**** Source data ****

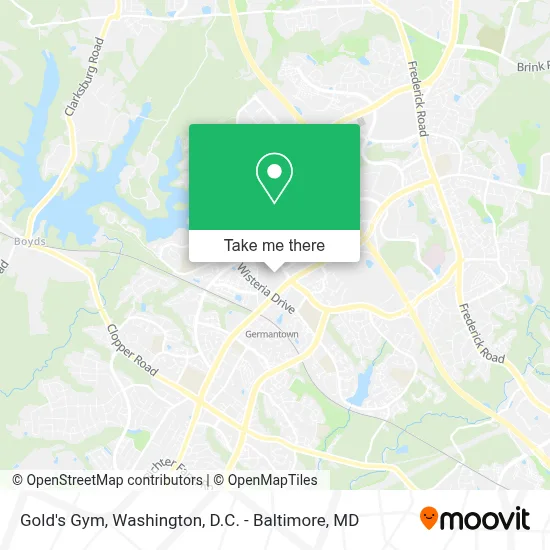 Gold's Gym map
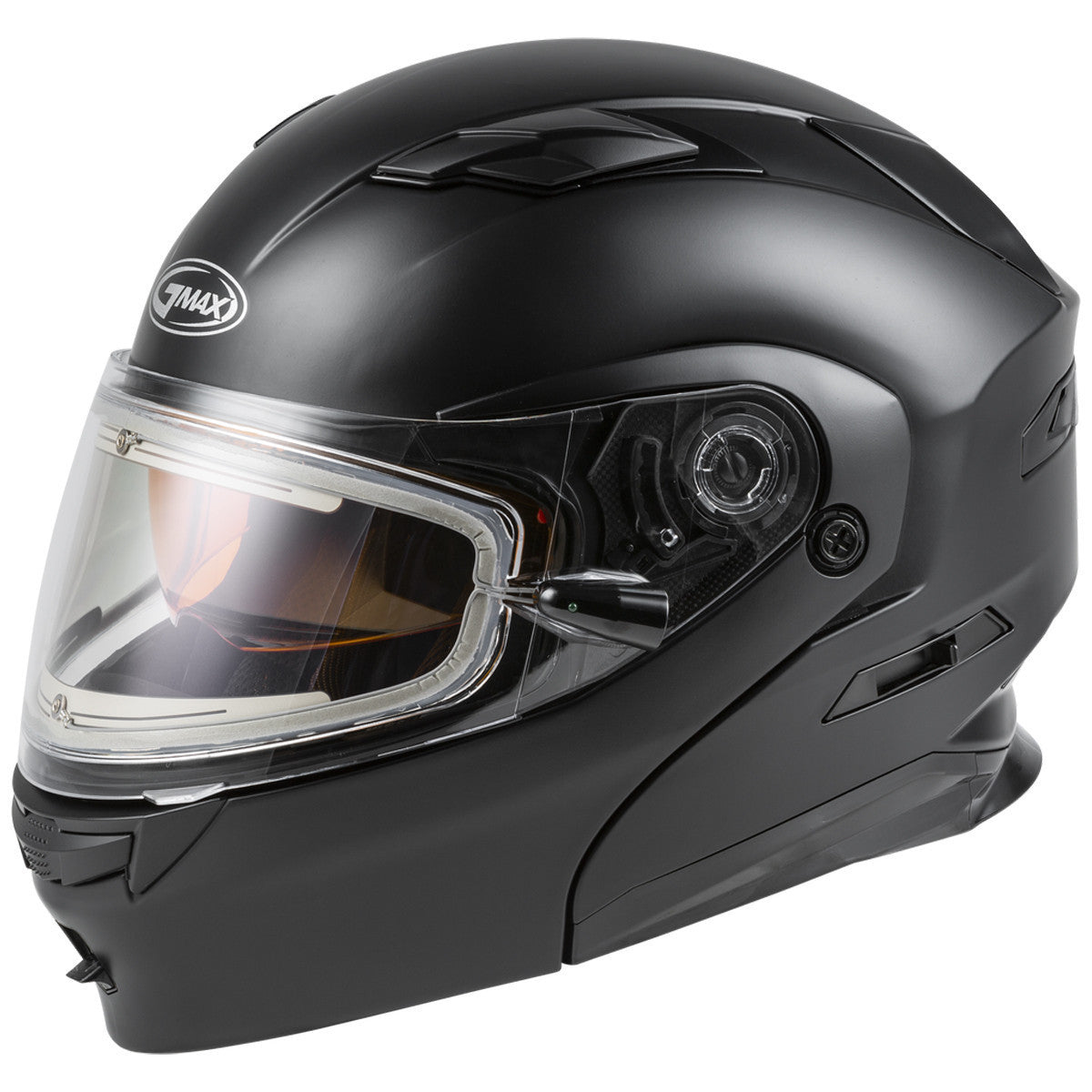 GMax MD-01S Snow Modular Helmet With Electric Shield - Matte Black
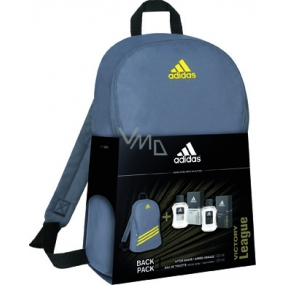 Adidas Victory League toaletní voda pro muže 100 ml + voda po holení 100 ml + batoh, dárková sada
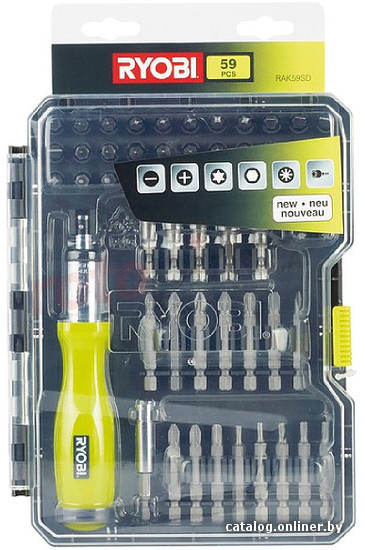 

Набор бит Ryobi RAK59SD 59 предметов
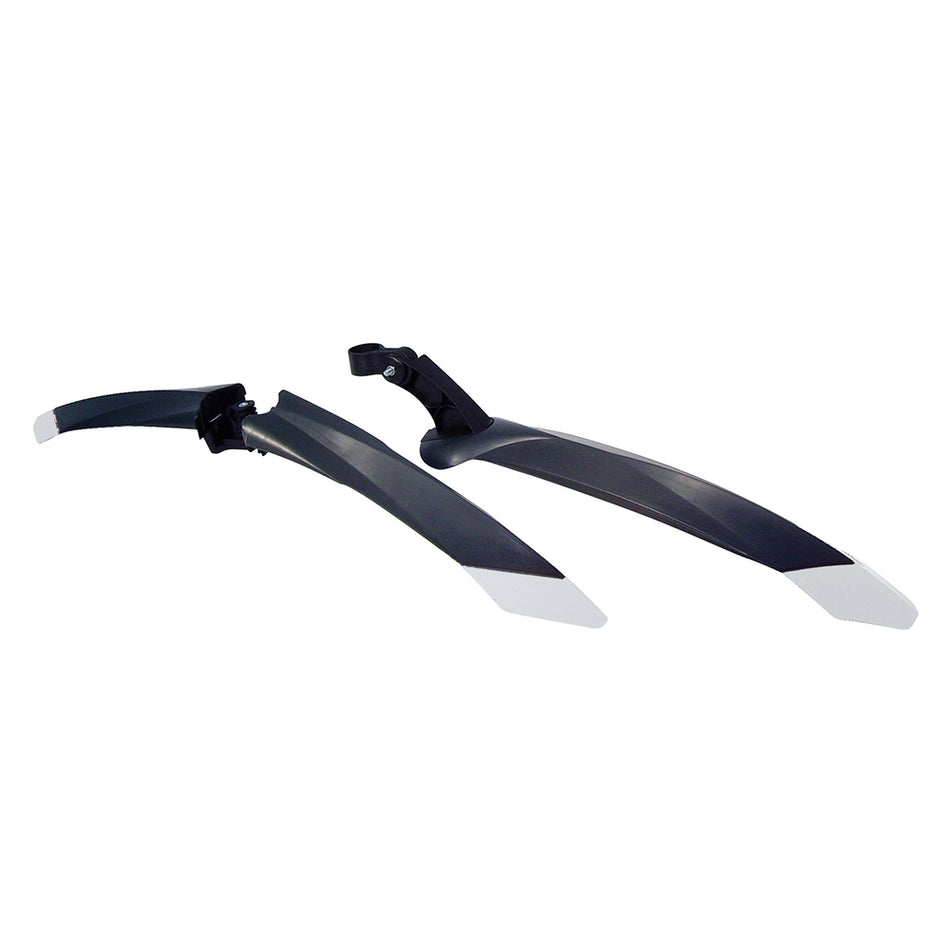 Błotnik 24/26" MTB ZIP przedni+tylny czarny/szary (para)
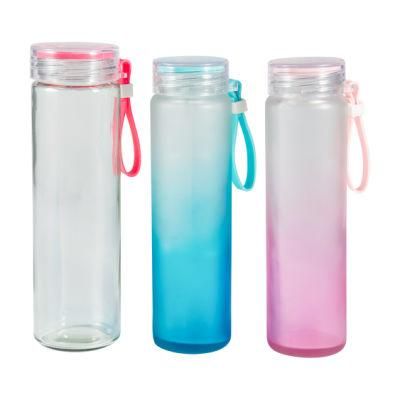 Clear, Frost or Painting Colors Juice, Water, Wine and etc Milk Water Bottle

****

* Exercise aim *
Omit all pictures and write out, exactly, only the lines from the line containing "Adidas Victory League" through the last line of the entries above.

* Answer to the problem *
 Adidas Victory League toaletní voda pro muže 100 ml + voda po holení 100 ml + batoh, dárková sada

Набор бит Ryobi RAK59SD 59 предметов
 Błotnik 24/26" MTB ZIP przedni+tylny czarny/szary (para)
 Clear, Frost or Painting Colors Juice, Water, Wine and etc Milk Water Bottle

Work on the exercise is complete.